À propos de l'auteur

Fabrice Dedieu
Journaliste

« Encore faut-il une véritable volonté de négocier » de la part du patronat, selon la secrétaire nationale. La réunion de jeudi dernier aura laissé presque tout le monde sur sa faim. « Avec une branche comme celle-ci, qui manque cruellement de salariés, comment peut-on prétendre conduire une réunion aussi importante en trois heures… avec une heure de suspension de séance ? » Lors du prochain rendez-vous, fixé le 16 décembre, la CFDT-Services « espère avoir […] une véritable réunion de négociation, quitte à y passer la nuit ».
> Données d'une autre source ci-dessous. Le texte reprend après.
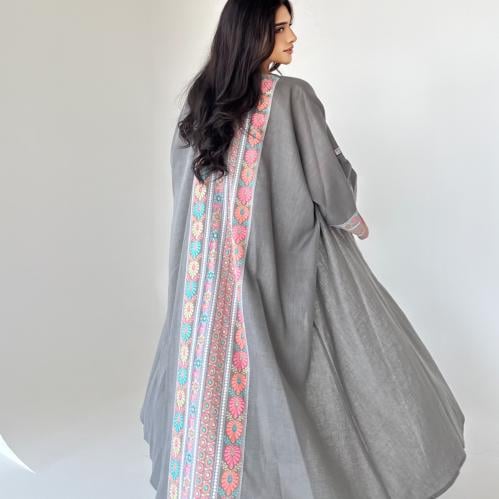 ‏Aira Gray ABAYA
237 000 salariés ont quitté le secteur HCR en un an

Il y a urgence à négocier. Le patronat se l’est pourtant bien fait rappeler par la ministre du Travail lors d’une réunion, le 17 septembre, avec les syndicats. Lors de cet entretien, un sombre portrait de la branche a été brossé. Le taux de rotation du personnel dans les HCR est deux fois plus élevé que dans le reste des secteurs de l’économie française, 65 % des embauches durent moins d’un mois, 43 % des salariés s’estiment mal payés (contre 34 % en général).

Les salariés font aussi remonter le poids du travail du dimanche et des coupures entre le service du midi et du soir. Des faits qui n’ont pas été remis en cause par les organisations patronales présentes ce jour-là, a fait savoir le ministère du Travail. Selon la Dares, le service des statistiques du ministère, 237 000 personnes ont quitté le secteur de l’hébergement-restauration entre février 2020 et février 2021, dont 149 000 pour rejoindre un autre secteur d’activité.